Macgregor-Scott was co-producer on The Fugitive and produced Batman Forever, both of which garnered Mitchell Oscar nominations for Best Sound from the Academy of Motion Picture Arts and Sciences (AMPAS). The pair also collaborated on Under Siege and Batman & Robin.

ABOUT PETER MACGREGOR-SCOTT

After starting his career working in the sound department at Pinewood Studios, Macgregor-Scott moved to the United States from England in 1970, and immediately began work on the Philippines-shot Ride the Tiger.

Working his way up through the ranks of the industry, Macgregor-Scott soon became known as one of the best creative and hands-on producers in the business, with such hit comedies as Cheech and Chong's Next Movie, The Jerk, Animal House and Revenge of the Nerds. In 1993, he produced The Fugitivestarring Harrison Ford.

Ever-present on the set and often working into the wee hours, Macgregor-Scott coordinates every minute detail of each department (at times more than 40) and multiple shooting units. Films like Batman and Robin and Batman Forever presented some of the more complex interdepartmental challenges. His creative solutions to technical challenges are most evident in The Fugitive train crash and the dam jump to the roiling seas of The Guardian.

"I am involved in the day-to-day operations of any film on which I work," Macgregor-Scott says. "My major responsibility is to have a vision about what is most practical and economical, and anticipate where the problems lie. There will always be challenges on any production, but as long as you have the solutions, the problems don't really exist."

ABOUT DONALD O. MITCHELL

Veteran re-recording mixer Donald O. Mitchell began his four-and-a-half decade career in the film and TV industry at 20th Century Fox as a draughtsman in 1955. Moving into the sound department, he loaded mag dubbers, handled recording duties and performed some engineering functions. One day, his boss told him, "You're mixing dialogue today." And that was the beginning of his career in sound.

His first film at Fox, The Paper Chase, garnered him his first of 14 nominations from AMPAS. Mitchell's resume contains 120 films that span a career as a re-recording mixer that began in 1973 and ended in 1998, the year of his retirement. In 1989, he won the Academy Award with fellow mixers Gregg Rudloff and Elliott Tyson for Best Sound for Edward Zwick's Glory. He has also been nominated 13 more times in the same category for The Paper Chase (1973), Silver Streak (1976), Raging Bull (1980), Terms of Endearment (1983), Silverado (1985), A Chorus Line (1985), Top Gun (1986), Black Rain (1989), Days of Thunder (1990), Under Siege (1992), The Fugitive (1993), Clear and Present Danger (1994) andBatman Forever (1995). Mitchell's work on The Fugitive also earned him a BAFTA Award for Sound from the British Academy of Film and Television Arts (BAFTA) and a CAS Award for Outstanding Achievement in Sound Mixing for a Feature Film from the Cinema Audio Society.
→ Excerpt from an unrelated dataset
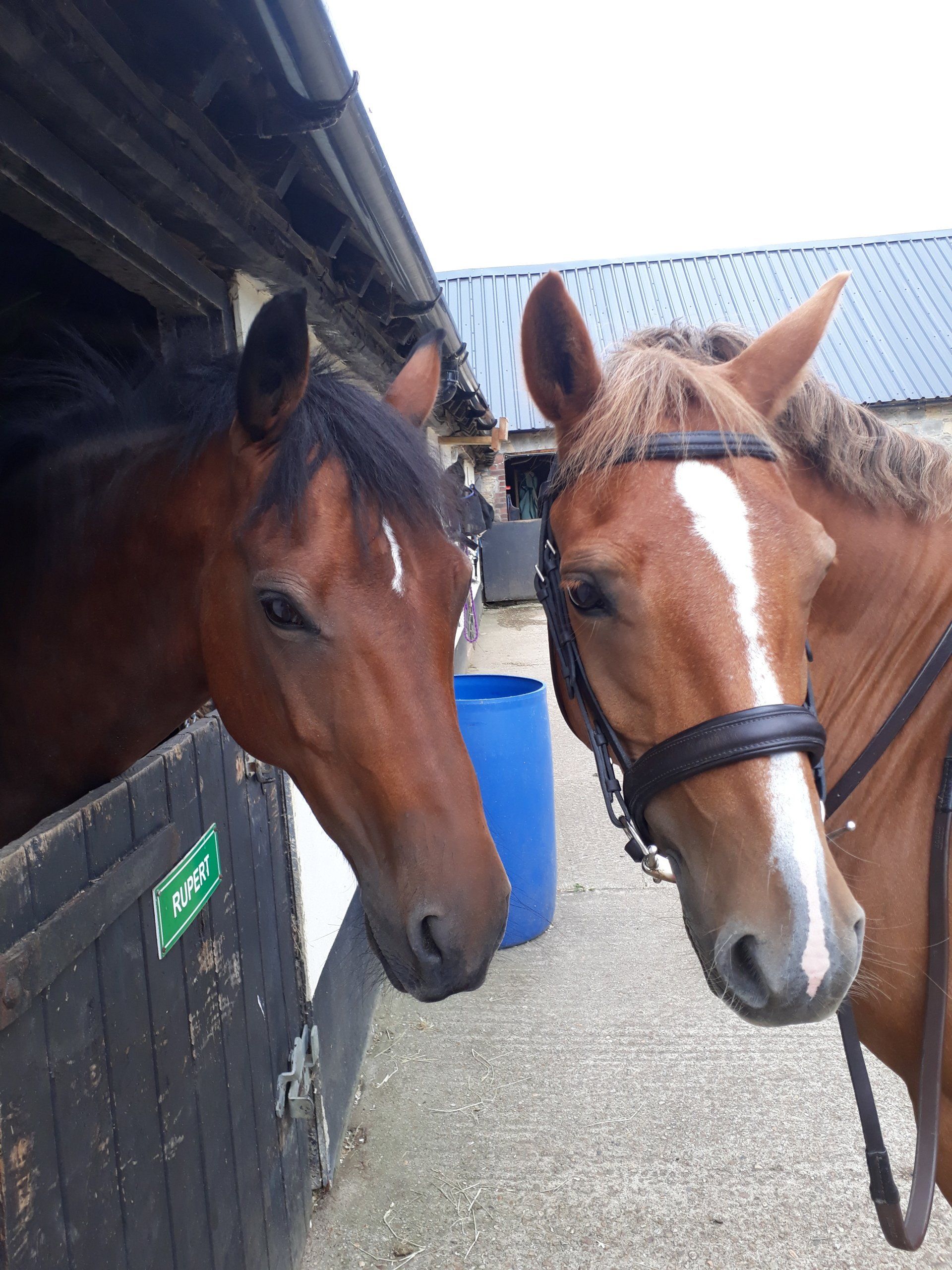 Livery Yard Gallery Taunton Badger Livery Yard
As a re-recording mixer, Mitchell was a member of IATSE Local 695, the Sound Technicians local. Less than a year before his retirement in November 1998, he and his fellow post-production mixers in 695 were brought into the Editors Guild, on January 1, 1998. An active member of the AMPAS Sound Branch Executive Committee for a number of years, Mitchell served three terms on its Board of Governors and, with sound editor Kay Rose, he successfully advocated to keep the Sound Editing and Mixing awards as part of the televised Academy Awards when there was a proposal to move them to the non-televised Scientific and Technical Awards ceremony.
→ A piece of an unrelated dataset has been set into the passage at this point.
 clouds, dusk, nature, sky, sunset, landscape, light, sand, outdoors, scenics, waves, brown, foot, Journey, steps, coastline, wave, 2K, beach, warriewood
Mitchell, an avid sailor, is enjoying his retirement and his 50-foot fiberglass-bodied boat, the Orion,which he built in his backyard in the San Fernando Valley during his spare time over a period of 20 years.

ABOUT THE MOTION PICTURE EDITORS GUILD

The Motion Picture Editors Guild (MPEG) is a national labor organization currently representing over 7,200 freelance and staff post-production professionals. MPEG is the world's premiere craft Guild that sets the standards for excellence in the post-production industry. The requirements to become a member of the Guild and to be placed on its Industry Experience Roster ensure the highest level of professionalism.
As Local 700 of the International Alliance of Theatrical Stage Employees (IATSE <http://www.iatse-intl.org/index_flash.html> ), an international union over 100 years old, MPEG is allied with some 500 affiliated locals <http://www.iatse-intl.org/directory/search.asp> in the United States and Canada with a combined membership of more than 104,000. This strength increases its collective power at the bargaining table and results in better contracts with superior benefits.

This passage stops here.